U.S. Muslim Population Far Lower Than Thought
NewsMax.com Staff
Friday, Sept. 20, 2002
There are about five and a half million fewer Muslims in the U.S. a new survey of religious affiliations shows.
Instead of the 7 million Muslims in America Islamic groups have claimed, the survey found just 1.6 million.
That was just one of the major surprises contained in what the Washington Times described as "the most complete religious survey of the United States."
The survey also revealed the numbers of Roman Catholics are expanding in the South and West and Evangelicals are growing everywhere.
The findings were contained in the Religious Congregations and Membership survey of 2000 - a survey conducted every ten years since 1966 by the Glenmary Home Missioners, a Catholic organization in Cincinnati, considered the most reliable data on religious affiliation down to the county level.
The Muslim population figures are based on the Muslims affiliated with America's more than 1,000 mosques, not the total number. The finding, the Times reported, touched a sensitive nerve on the debate over the presence and influence of U.S. Muslims.
"Unfortunately, not all Muslims attend a mosque," Ibrahim Hooper, spokesman for the Council on American-Islamic Relations told the Times.
He said many have taken the 1.6 million to stand for the number of all Muslims, and in fact other national surveys have argued that the U.S. Muslim population is below 2 million. Mr. Hooper says the 1.6 million number for mosque affiliation "still sustains our 7 million figure" of all adherents to Islam.
"We believe this is a very reliable picture of American affiliation to local congregations," Dale E. Jones, a statistician with the Church of the Nazarene and a chairman of the project, told the Times.
"It's not like a national poll, but more like going to the nation's political wards and asking how many voting people they had," he told the Times in an interview yesterday. The entire report is to be released tomorrow.
The findings were collected from 149 of 258 known religious bodies in the United States, and evaluated carefully in cooperation with the Association of Statisticians of American Religious Bodies.
Among them:
The Catholic Church has the largest number of members nationally; the state of Utah with its Mormon preponderance has the highest churchgoing rates; and Oregon, which is notoriously secular, has the lowest religious participation.
"There are now more Catholics in the West than in the Midwest," Clifford Grammich of the Glenmary Research Center told the Times.

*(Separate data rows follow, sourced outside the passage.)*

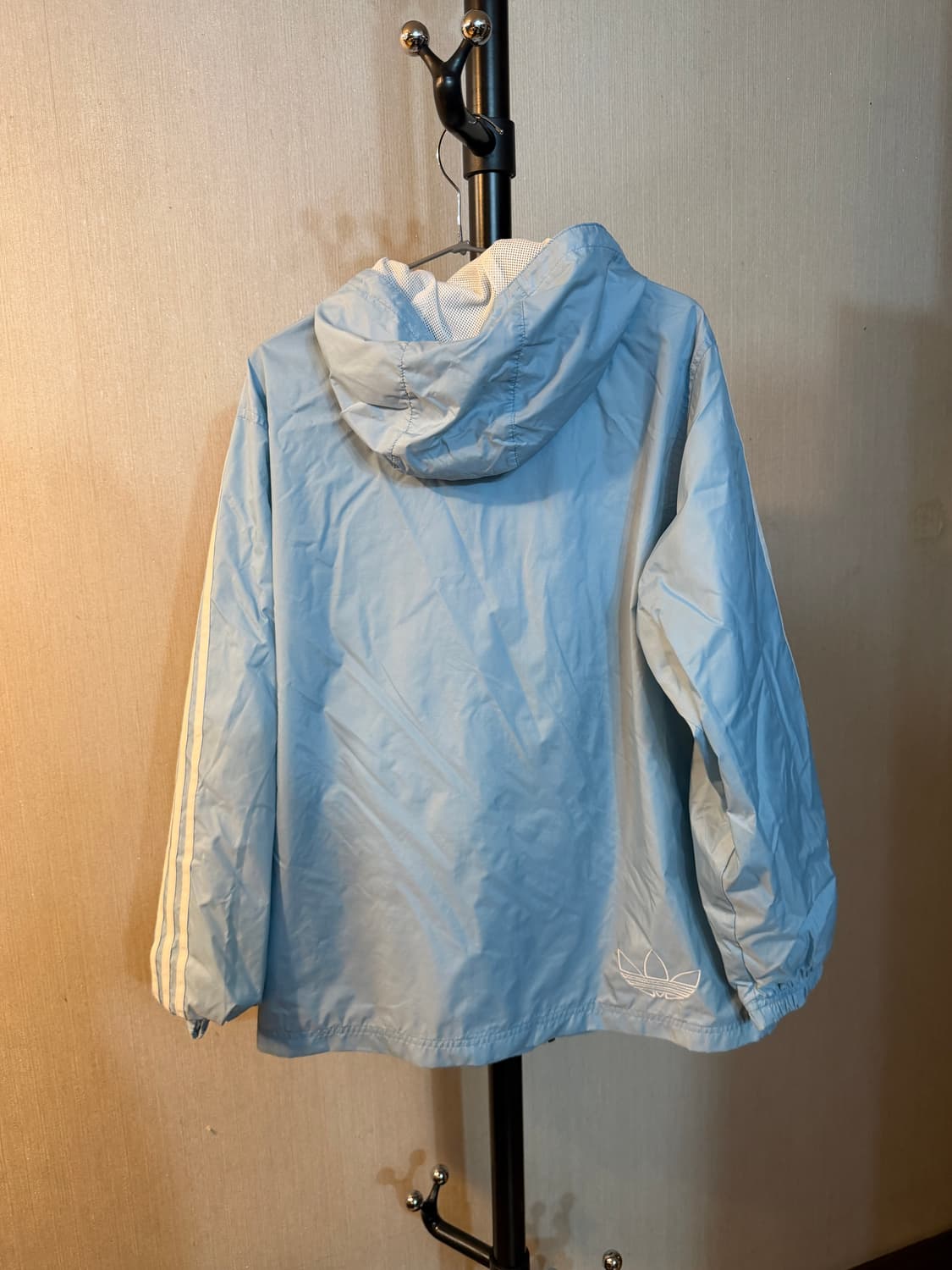 아디다스 대장급 스카이블루 윈드브레이커 상품이미지5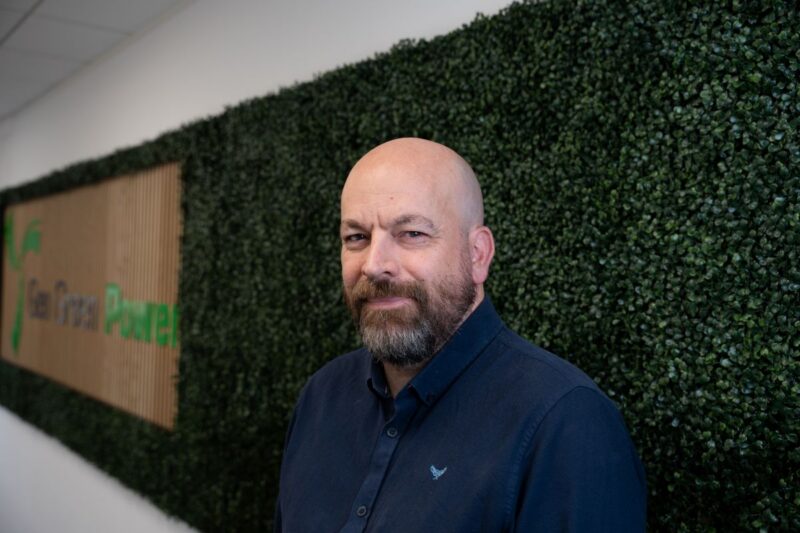 Andrew Sanderson Geo Green Power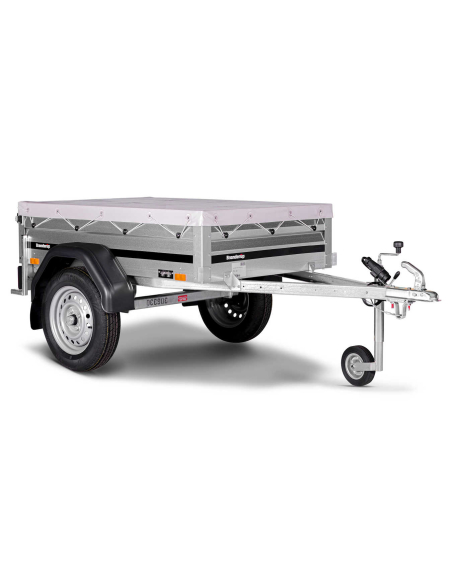 BACHE PLATE POUR REMORQUE BRENDERUP 1150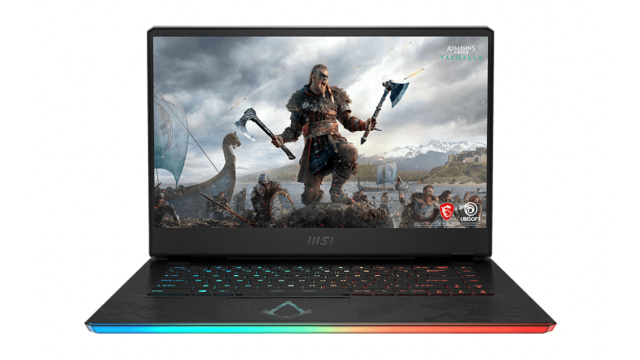 MSI dan Ubisoft kerja sama, bawa pengalaman main game Assassin's Creed Valhalla semakin seru di laptop dan komputer MSI. Foto: Dok. MSI
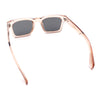 Mens Classy Gentlemanly Retro Thick Horn Rim Plastic Sunglasses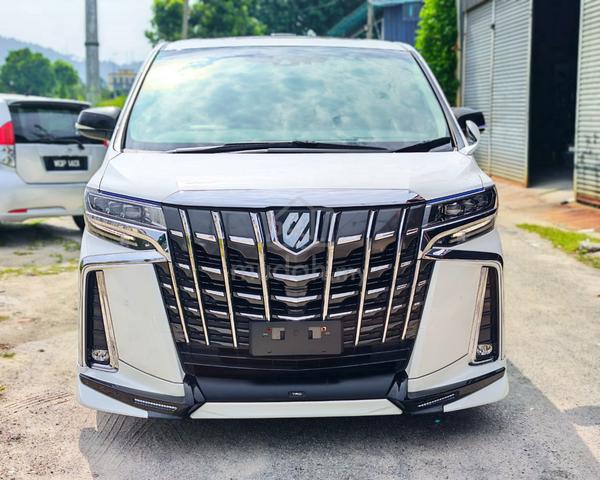2021 Toyota ALPHARD 2.5 SC (A) Sunroof TRD Bodykit - 3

Catholic parishes in the West and South are growing faster than elsewhere, often by a third, he said. "The Church may have to shift more of its institutional resources to meet this growth, or give more attention to mission needs" there.
Most growth in religious affiliations may be due to Hispanic immigration and birth rates: Of the 11 million new adherents reported during the past decade by 87 of the largest groups, 9 million were Catholics.
All Protestants outnumber Catholics nationally, however, and they make up the largest religious grouping in 2,493 of the nation's 3,141 counties.